If the Government does eventually agree to pay Kenya more reparations, it will not come from the King’s personal funds, Mr Palmer confirmed on this week’s Royal Round Up.
Kenyan President Ruto raised the question in his own speech at the banquet, saying: “Your Majesty, although it has been indicated that Kenya and the United Kingdom are celebrating 60 years of diplomatic relations, this by no means implies that our peoples were total strangers before that.
“Neither does it mean that we live in denial of history. We cannot live as prisoners of the past. Neither can we go far into the future if we turn our backs on historical actions and omissions whose legacies encumber our present.
“If colonialism was brutal and atrocious to African people, colonial reaction to African struggles for sovereignty and self-rule was monstrous in its cruelty.
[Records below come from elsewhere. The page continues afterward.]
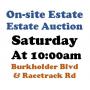 WELCOME TO OUR SAT. @10am ONLINE PUBLIC AUCTION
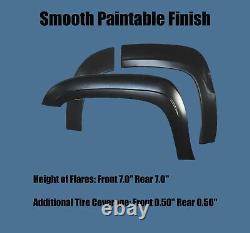 Paintable Black 07-14 GMC Yukon OE Style Fender Flare Set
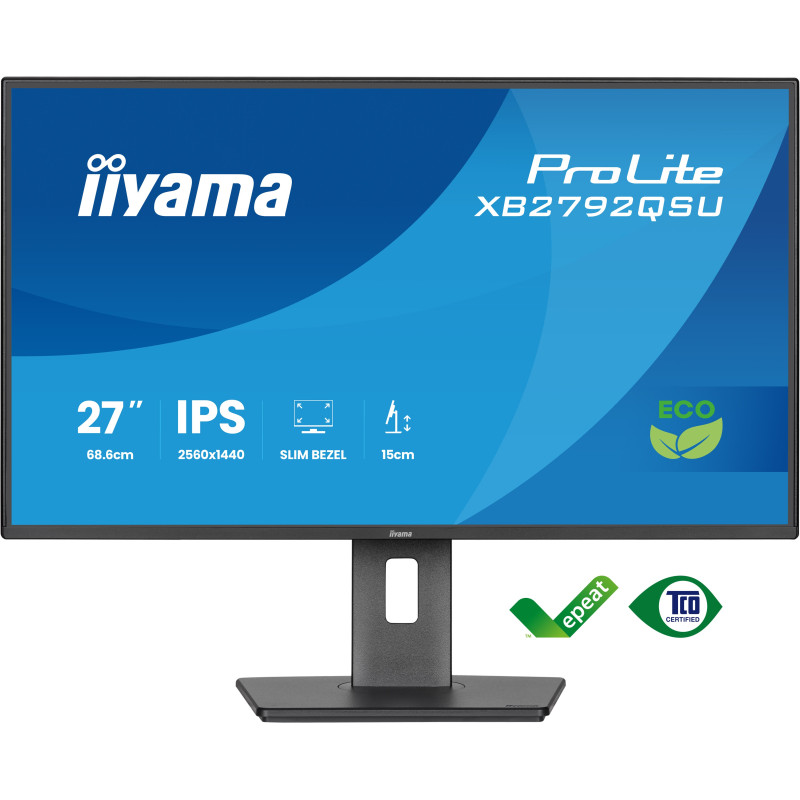 iiyama ProLite/XB2792QSU-B1/27''/IPS/QHD/120Hz/3ms/Čierna/3R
It culminated in the Emergency, which intensified the worst excesses of colonial impunity and the indiscriminate victimization of Africans.
“While there have been efforts to atone for the death, injury and suffering inflicted on Kenyan Africans by the colonial government, much remains to be done in order to achieve full reparations.”
Back in 2013 then-Foreign Secretary William Hague announced that payments totalling £19.9million would be awarded to over 5,000 Kenyan victims of torture and abuses at the hands of the colonialist government following a High Court ruling, however some have felt this does not go far enough.